In the following figures, apparent sliding motion can be obtained without perpendicular directional cues and through a new class of directional bias. In Figure 15a-c, a clear sliding motion in depth is perceived when the eye follows the moving dot (Pinna, 2008). The sliding motion is mostly perceived in the inset regions of Figure 15a-b even if both regions can appear to move. In Figure 15c, the sliding motion separates the two kinds of lines, continuous and segmented in black and white components, that appear to belong to different depth planes while moving in opposite directions. In Figure 15a the inner region made up of continuous lines appears as a window or as a hole through which the lines, placed behind in depth, slide in the right direction when the dot moves down. In Figure 15b the inner region, composed of lines made up of alternating black and white segments, appears in front of the background of continuous lines and slide in a direction opposite to the one of the continuous lines of Figure 15a (i.e. in the left direction when the dot moves down). This opposite result is related to the inverse figure-ground organization of the inset vs. outer regions of Figure 15a-b. Finally, although the inset region appears to slide against the outer one in opposite direction, the continuation of the continuous lines in the segmented ones is not broken but it remains unchanged.

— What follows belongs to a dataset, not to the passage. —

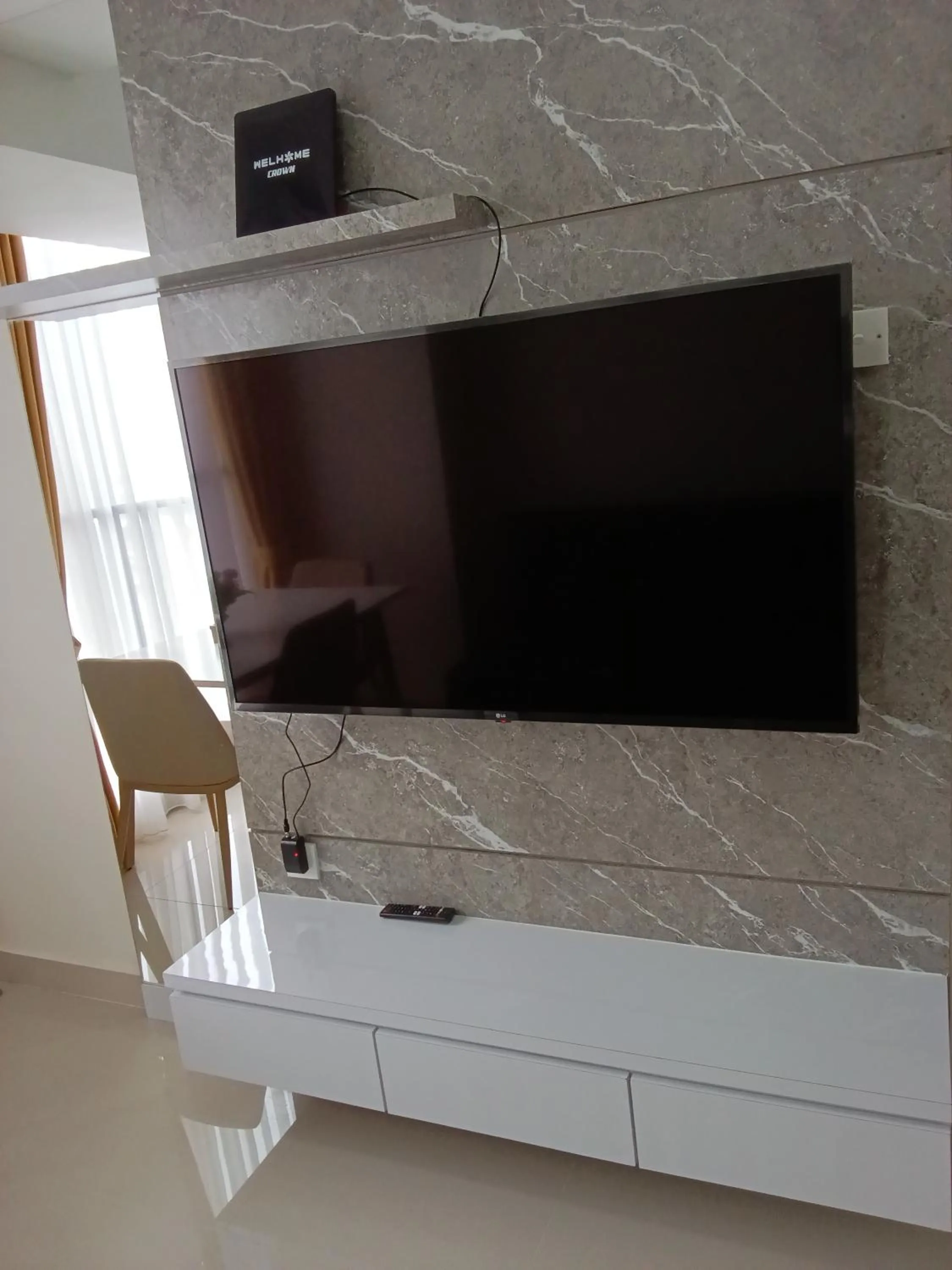 TV and multimedia in Palam Mansion at Meisterstadt Pollux Habibie Apartment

While in Figure 15a-b the local and global orientation of the two kinds of lines is the same, the directional bias along the lines of their element components is the opposite. In fact, when the eye follows the tip of a pen moving up and down along a segmented line, the black and white elements clearly flow in the opposite direction (i.e. down and up). This effect can be perceived in Figure 15d, where, by following the moving dot, the segmented circumferences and the single discontinuities appear respectively to rotate and flow in the opposite direction. When the eye moves along a continuous line, because the information about motion is ambiguous, then the line can appear to flow in the same or in the opposite direction of the real motion. However, the juxtaposition of segmented lines strengthens, by contrast, the motion information of the continuous line in the same direction. As a consequence, in Figure 15a-c there are indeed two opposite directional cues that elicit sliding motion as previously described. These effects can shed light on other related motion effects like the boogie-woogie illusion (Cavanagh & Anstis, 2002).

Sliding motion from edge contrast

There is a further kind of directional bias that can induce apparent sliding motion: edge contrast. In Figure 16, by following the moving dot, the central region appears to move up when the dot moves in the left direction and down when the dot moves to the right (Pinna & Fantoni, 2004). The pattern is made up of parallel zigzag oblique lines reversing their edge contrast in the central region; each zigzag line changes from black/white to white/black and then to black/white again. The strength of the motion effect increases by increasing the size of the stimulus.

Figure 15:
Figure 15

Figure 16:
Figure 16

Sliding motion in depth without directional bias

There is another class of stimuli in which the elements have no oriented edges at all and yet elicit vivid apparent sliding motion. These stimuli suggest a motion bias based on motion sensors that respond to other stimulus features such as boundary contour differences, contrast polarity, edge blur, demarcation by a frame, and shape. Such features are also responsible for surface and depth segmentation (Pinna & Spillmann, 2002b, 2005). In Figure 17a, a central array of filled black squares, each surrounded by a thin narrow grey annulus, is presented within a larger surround of similarly arranged, but empty circles. A thin black frame separates center and surround. Under these conditions, the black filled squares are perceived as lying behind the plane of the empty circles. If the stimulus configuration is slowly moved about there is a strong sliding motion of the filled squares relative to the surround of empty circles. In Figure 17b, as the fixation dot moves diagonally, the inset matrix is perceived to move diagonally alternately in counter-phase to the dot motion.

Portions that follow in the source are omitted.